▶ [The task]: Given the entries below, would you transcribe exactly the lines starting at the one with "Demonstration hives at" and ending at the one with "The new arrivals (WMSP)", both kept, pictures omitted, nothing extra?

▶ [Extracted data]:

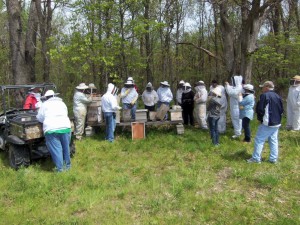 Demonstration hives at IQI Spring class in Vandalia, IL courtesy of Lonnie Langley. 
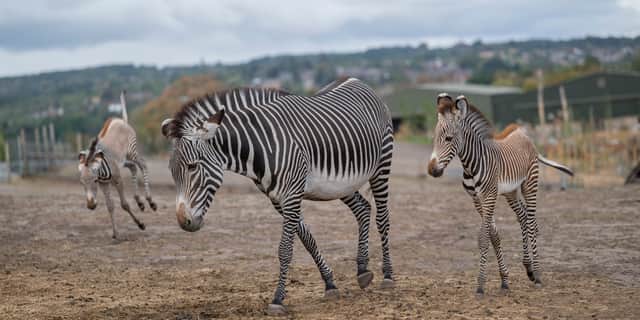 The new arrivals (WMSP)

--

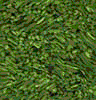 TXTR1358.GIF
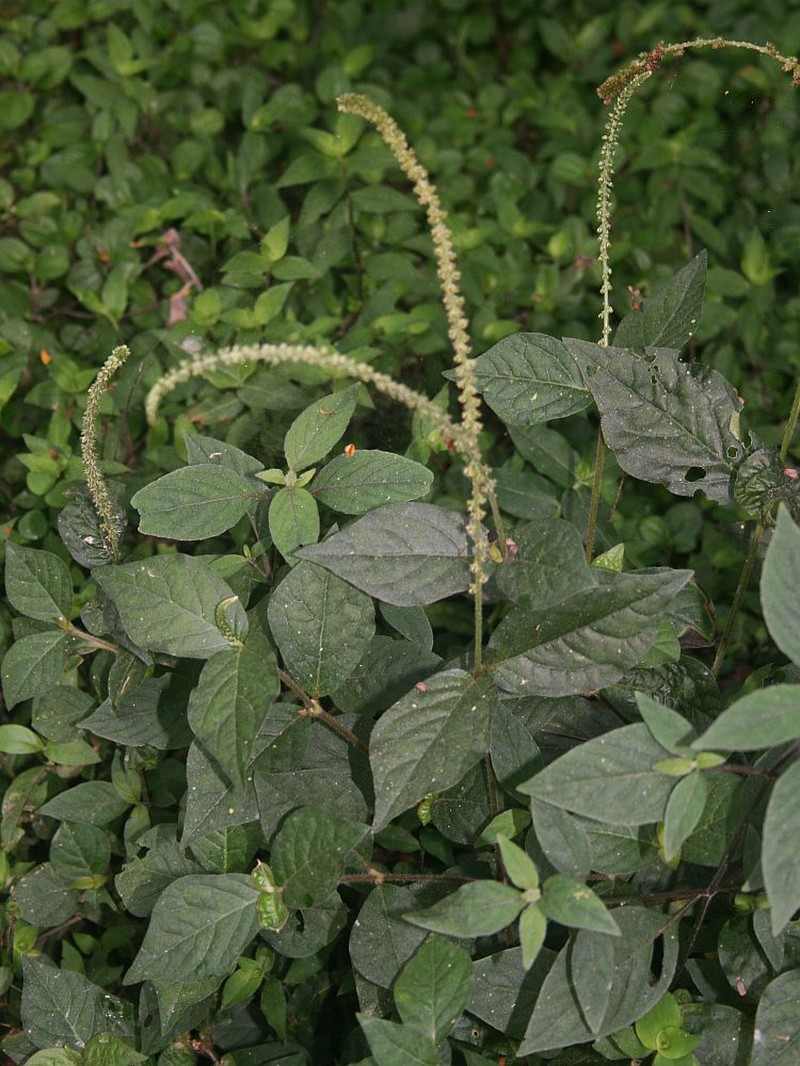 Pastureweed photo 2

...

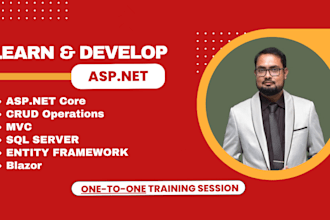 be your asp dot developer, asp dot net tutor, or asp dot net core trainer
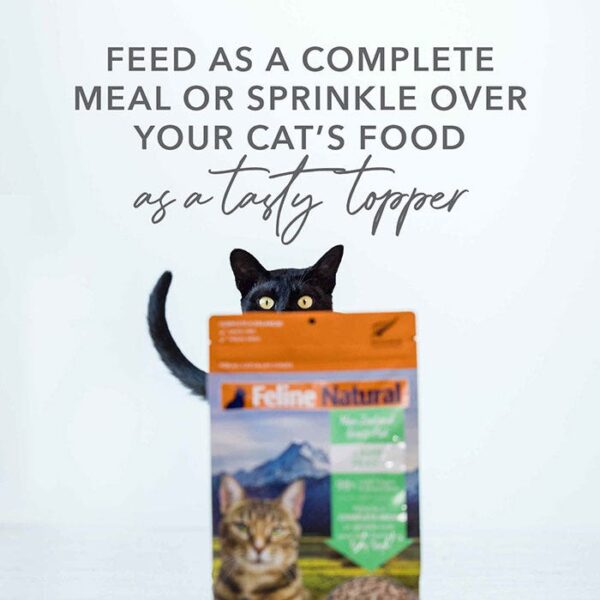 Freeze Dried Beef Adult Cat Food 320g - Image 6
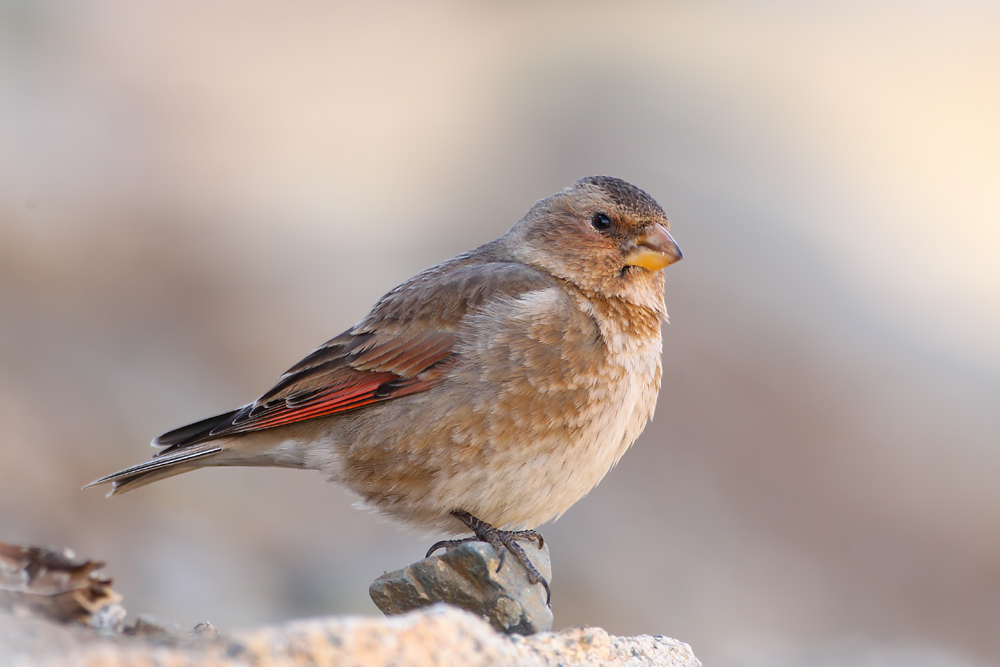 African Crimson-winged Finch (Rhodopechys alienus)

▶ [Response below]:
 Demonstration hives at IQI Spring class in Vandalia, IL courtesy of Lonnie Langley. 
 The new arrivals (WMSP)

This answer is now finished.